| ABOUT THIS TASK |
Among the entries below, only the lines from the one with "For wire stripping, use" through the one with "Hello friends, today" are to be retyped, exactly and without pictures.

| DATA TO PROCESS |

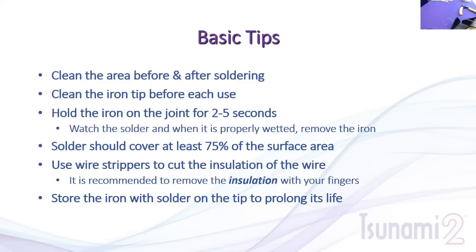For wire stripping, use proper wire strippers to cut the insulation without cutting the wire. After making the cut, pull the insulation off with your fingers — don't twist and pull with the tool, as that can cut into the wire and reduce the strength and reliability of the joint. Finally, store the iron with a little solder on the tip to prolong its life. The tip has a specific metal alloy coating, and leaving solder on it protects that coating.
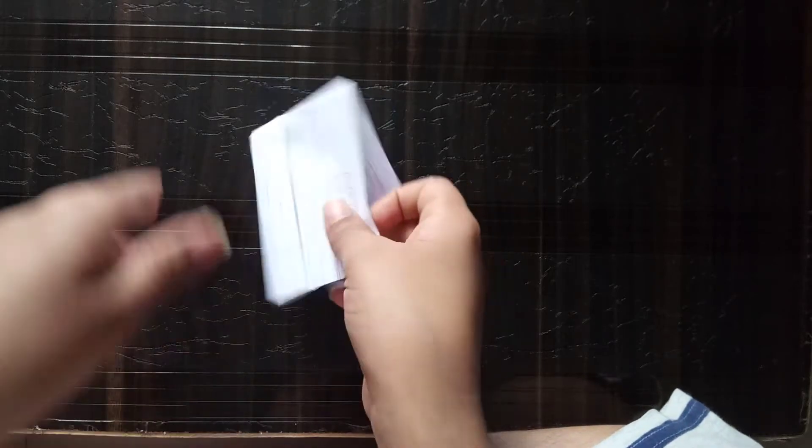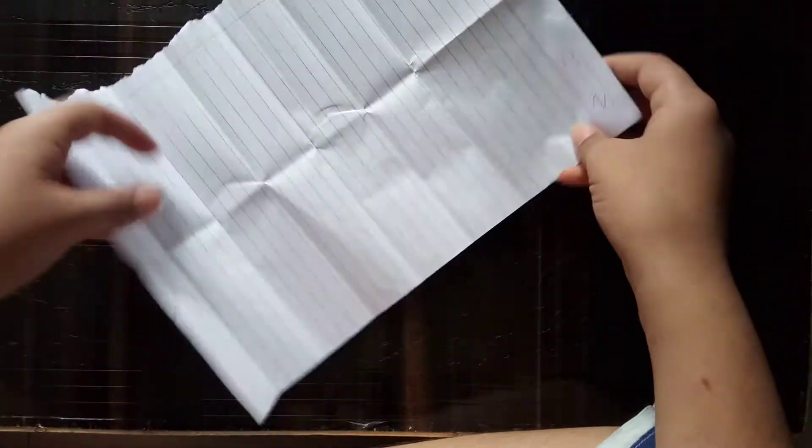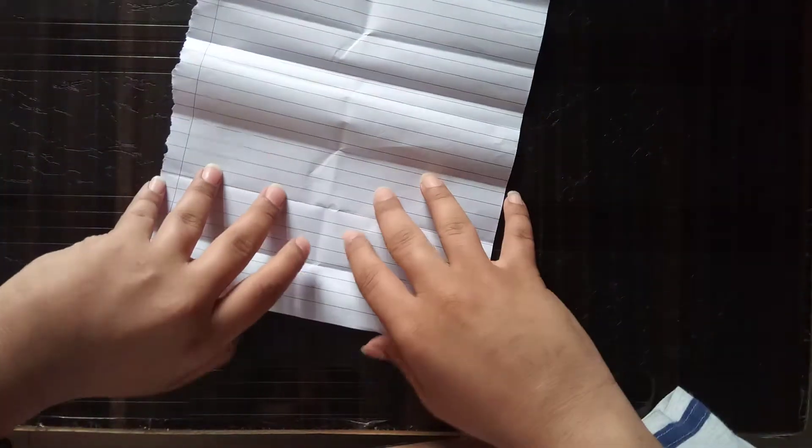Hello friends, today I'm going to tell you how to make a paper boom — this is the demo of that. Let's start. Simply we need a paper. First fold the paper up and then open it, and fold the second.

* * *

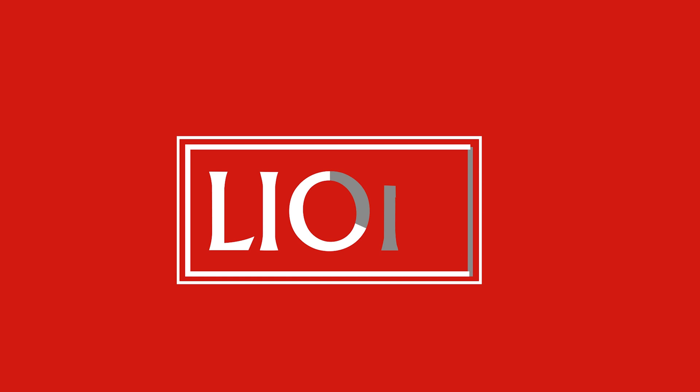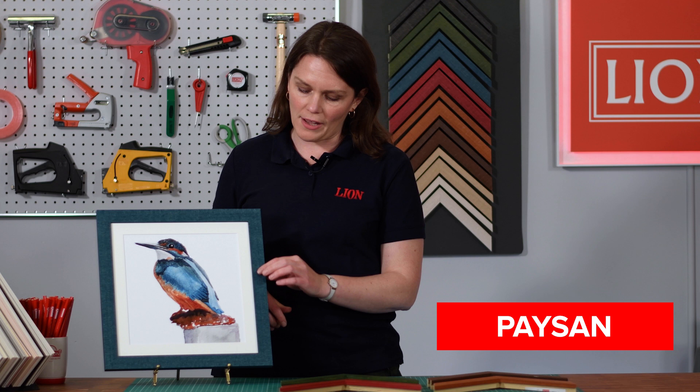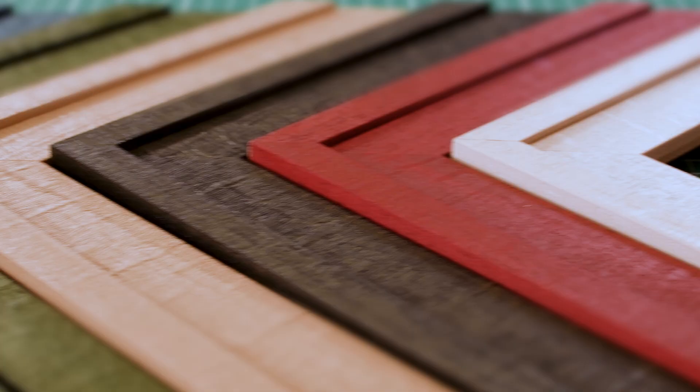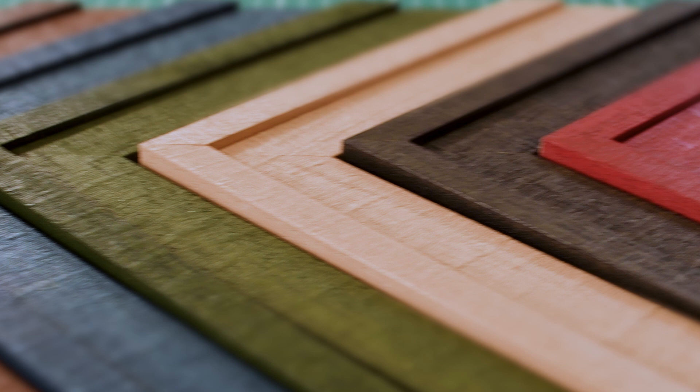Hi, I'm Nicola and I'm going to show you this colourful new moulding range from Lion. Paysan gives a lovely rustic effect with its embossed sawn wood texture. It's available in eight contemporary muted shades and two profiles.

| EXERCISE SOLUTION |
For wire stripping, use proper wire strippers to cut the insulation without cutting the wire. After making the cut, pull the insulation off with your fingers — don't twist and pull with the tool, as that can cut into the wire and reduce the strength and reliability of the joint. Finally, store the iron with a little solder on the tip to prolong its life. The tip has a specific metal alloy coating, and leaving solder on it protects that coating.
Hello friends, today I'm going to tell you how to make a paper boom — this is the demo of that. Let's start. Simply we need a paper. First fold the paper up and then open it, and fold the second.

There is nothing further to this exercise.